* [What the exercise asks]: What are the lines, word for word, from the line with "黑龙江试剂公司排名大揭秘，权威榜单，行业领军者一目了然！" up to and including the line with "ร้านโรม คอร์เนอร์ สโตร์" in the records below? Omit the pictures.

* [Records provided]:
'''

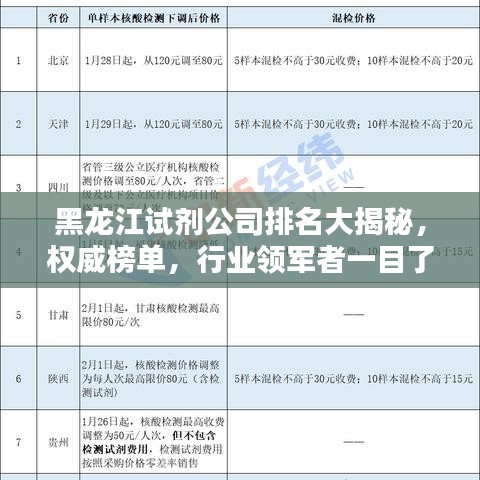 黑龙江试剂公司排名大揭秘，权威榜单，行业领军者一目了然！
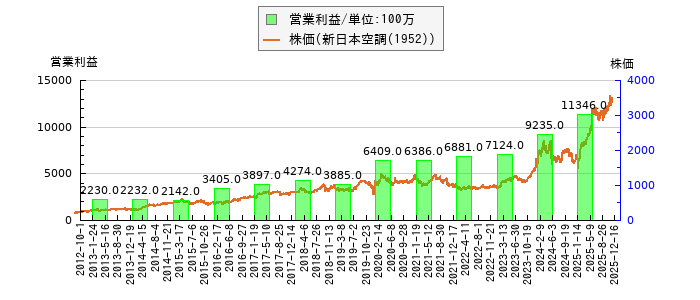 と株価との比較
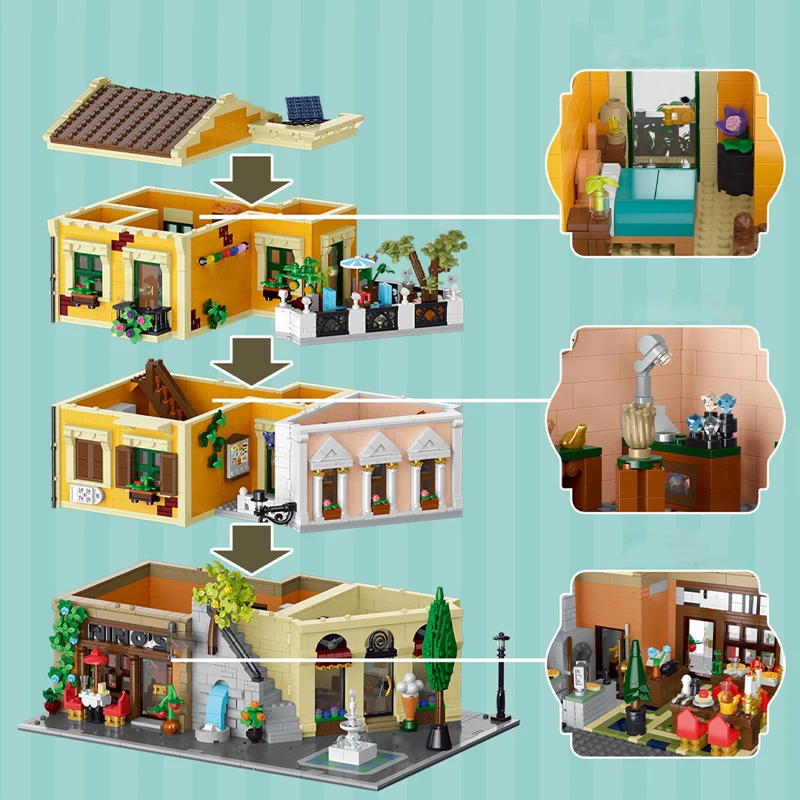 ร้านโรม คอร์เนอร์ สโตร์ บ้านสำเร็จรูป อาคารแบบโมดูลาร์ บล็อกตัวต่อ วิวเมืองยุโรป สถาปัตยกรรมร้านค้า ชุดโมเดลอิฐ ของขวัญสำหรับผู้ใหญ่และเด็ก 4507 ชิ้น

'''
'''

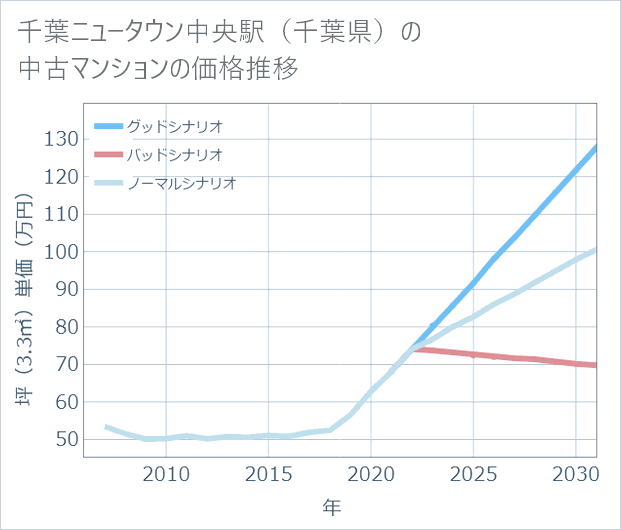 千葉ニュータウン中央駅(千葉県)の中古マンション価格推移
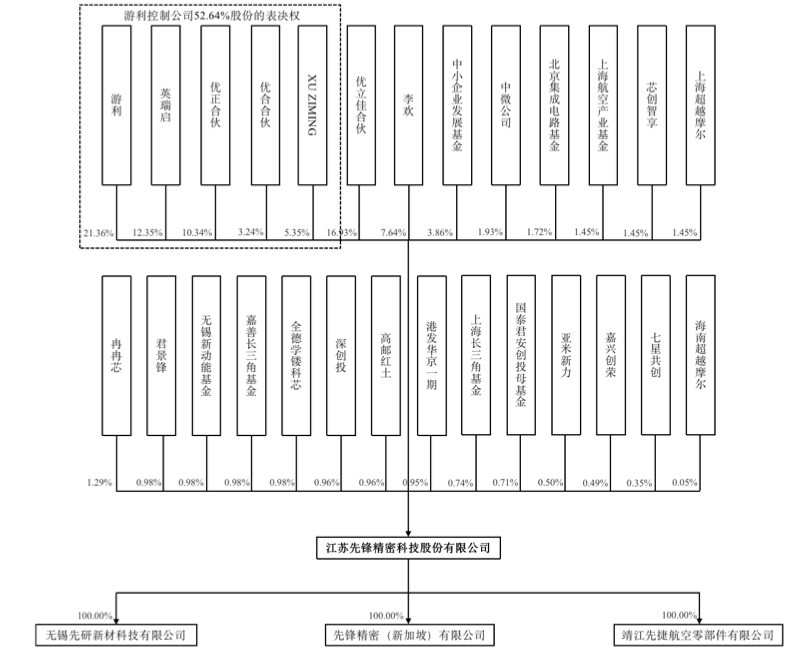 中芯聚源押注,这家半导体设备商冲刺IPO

'''

* [Answer to this problem]:
 黑龙江试剂公司排名大揭秘，权威榜单，行业领军者一目了然！
 と株価との比較
 ร้านโรม คอร์เนอร์ สโตร์ บ้านสำเร็จรูป อาคารแบบโมดูลาร์ บล็อกตัวต่อ วิวเมืองยุโรป สถาปัตยกรรมร้านค้า ชุดโมเดลอิฐ ของขวัญสำหรับผู้ใหญ่และเด็ก 4507 ชิ้น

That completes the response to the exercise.